One patient in our series developed a postoperative pancreatic fistula (ISGPF grade B). In this patient, only two sutures were placed between the pancreatic capsule and the gastric mucosa, which was probably inadequate and may have contributed to fistula formation. To reduce the risk of postoperative pancreatic fistula after PG, we suggest placement of a sufficient number of sutures between the pancreatic capsule and the gastric mucosa.

This patient also received only a short internal plastic stent across the PG site. A meta-analysis of randomized clinical trials found that placement of a stent in the pancreatic duct did not reduce the incidence of postoperative pancreatic fistula. However, subgroup analysis found that use of an external stent significantly reduced the incidence of postoperative pancreatic fistula [19]. Other randomized clinical trials found that external duct stenting after pancreaticoduodenectomy reduced the risk of clinically relevant postoperative pancreatic fistula formation [20, 21]. The majority of the selected patients of these studies used PJ for reconstruction, and subgroup analysis for external duct stenting in PG was not reported. Placement of an external stent across the PG anastomosis is not necessarily an essential part of PG, but could be used adjunct to reduce the risk of pancreatic fistula formation.

One of the disadvantages of our technique is that it may result in delayed gastric emptying, which is one of the most common postoperative complications after pancreatic surgery, occurring in 19–57 % of patients [13]. In patients with PG, gastric peristalsis is disturbed because the posterior wall of the stomach is held in place by the PG anastomosis. Additionally, incision of the anterior wall of the stomach increases the risk of delayed gastric emptying [22]. In our technique, the anterior wall of the stomach is incised, sutured, and attached to the abdominal wall by the gastrostomy, which may cause delayed gastric emptying.

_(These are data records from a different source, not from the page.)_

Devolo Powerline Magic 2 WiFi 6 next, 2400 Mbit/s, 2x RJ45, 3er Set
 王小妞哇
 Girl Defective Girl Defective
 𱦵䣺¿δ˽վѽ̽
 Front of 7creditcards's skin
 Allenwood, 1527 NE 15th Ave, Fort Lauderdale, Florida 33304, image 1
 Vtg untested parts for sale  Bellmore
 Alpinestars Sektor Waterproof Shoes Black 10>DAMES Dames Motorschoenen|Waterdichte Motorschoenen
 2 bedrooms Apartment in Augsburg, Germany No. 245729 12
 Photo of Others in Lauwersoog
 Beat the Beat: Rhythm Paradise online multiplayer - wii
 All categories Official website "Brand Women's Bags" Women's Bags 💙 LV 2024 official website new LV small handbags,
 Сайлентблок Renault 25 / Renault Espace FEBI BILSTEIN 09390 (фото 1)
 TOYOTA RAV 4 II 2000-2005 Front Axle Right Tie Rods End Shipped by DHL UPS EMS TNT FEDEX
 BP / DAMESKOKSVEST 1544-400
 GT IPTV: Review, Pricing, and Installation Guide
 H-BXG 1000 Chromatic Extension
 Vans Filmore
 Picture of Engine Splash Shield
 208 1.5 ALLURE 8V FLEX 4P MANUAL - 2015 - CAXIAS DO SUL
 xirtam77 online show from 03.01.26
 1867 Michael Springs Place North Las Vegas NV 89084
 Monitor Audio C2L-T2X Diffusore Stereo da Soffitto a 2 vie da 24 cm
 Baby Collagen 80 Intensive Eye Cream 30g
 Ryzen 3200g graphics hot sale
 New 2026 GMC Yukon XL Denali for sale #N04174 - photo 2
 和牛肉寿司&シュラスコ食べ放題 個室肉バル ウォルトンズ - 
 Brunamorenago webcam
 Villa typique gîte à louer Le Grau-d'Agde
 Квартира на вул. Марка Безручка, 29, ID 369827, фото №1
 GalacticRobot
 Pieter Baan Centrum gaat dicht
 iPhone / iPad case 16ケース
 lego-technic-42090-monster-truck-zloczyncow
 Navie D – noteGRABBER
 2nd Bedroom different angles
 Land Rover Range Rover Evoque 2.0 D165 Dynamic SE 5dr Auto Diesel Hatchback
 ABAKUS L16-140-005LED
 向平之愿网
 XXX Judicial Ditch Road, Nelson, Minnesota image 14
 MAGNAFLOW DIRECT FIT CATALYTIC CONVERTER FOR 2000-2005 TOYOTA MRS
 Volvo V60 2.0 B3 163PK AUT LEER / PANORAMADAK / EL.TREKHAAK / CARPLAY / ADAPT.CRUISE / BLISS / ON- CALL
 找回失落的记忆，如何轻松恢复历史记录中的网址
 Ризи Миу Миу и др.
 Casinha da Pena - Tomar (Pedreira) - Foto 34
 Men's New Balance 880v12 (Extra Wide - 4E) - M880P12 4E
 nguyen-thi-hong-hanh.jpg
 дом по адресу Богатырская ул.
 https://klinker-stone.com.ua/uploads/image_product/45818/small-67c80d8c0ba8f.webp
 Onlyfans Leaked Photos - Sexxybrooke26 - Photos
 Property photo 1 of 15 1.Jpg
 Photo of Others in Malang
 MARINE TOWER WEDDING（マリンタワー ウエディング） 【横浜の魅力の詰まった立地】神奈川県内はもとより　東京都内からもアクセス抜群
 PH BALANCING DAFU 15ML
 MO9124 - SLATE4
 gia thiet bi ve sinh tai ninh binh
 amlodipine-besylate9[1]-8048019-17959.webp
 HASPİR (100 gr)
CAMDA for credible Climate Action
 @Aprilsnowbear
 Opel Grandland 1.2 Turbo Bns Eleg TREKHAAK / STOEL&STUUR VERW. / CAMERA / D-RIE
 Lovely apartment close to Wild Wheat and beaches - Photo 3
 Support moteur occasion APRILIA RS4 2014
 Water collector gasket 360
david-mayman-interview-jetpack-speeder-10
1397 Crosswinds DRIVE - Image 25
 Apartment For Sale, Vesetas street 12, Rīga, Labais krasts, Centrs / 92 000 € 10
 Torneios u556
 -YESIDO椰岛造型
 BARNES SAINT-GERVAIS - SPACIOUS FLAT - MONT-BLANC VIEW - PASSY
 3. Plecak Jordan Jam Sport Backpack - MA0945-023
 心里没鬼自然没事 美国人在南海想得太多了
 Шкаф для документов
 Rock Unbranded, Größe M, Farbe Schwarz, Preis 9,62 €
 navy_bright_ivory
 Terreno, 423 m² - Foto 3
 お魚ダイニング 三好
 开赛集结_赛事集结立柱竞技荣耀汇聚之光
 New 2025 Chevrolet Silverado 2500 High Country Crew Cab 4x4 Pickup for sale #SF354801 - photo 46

The long-term oncologic and surgical outcomes after use of our procedure should be investigated, and future research should investigate whether LPD provides any significant advantages over other methods of performing pancreaticoduodenectomy. It is difficult to draw any sound conclusions about the safety or limitations of our technique with so little information about patient selection, but we consider our technique a relatively easy method for reconstruction in pure LPD. Our technique may also provide an alternative reconstruction method for use in a hybrid procedure. As reconstruction with PG in LPD is still a new technique, further clinical evaluation to compare outcomes between the use of PG and PJ in LPD is warranted.

Conclusions

We present a novel pancreatic-gastric anastomosis technique specifically developed for LPD. Our new technique is technically easy and provides excellent fixation between the gastric wall and pancreas. Main pancreatic duct dilatation is not required, and the risk of intra-abdominal abscess formation is minimized. Although further clinical evaluation is required, this technique is immediately clinically applicable and may serve as the basis for additional research.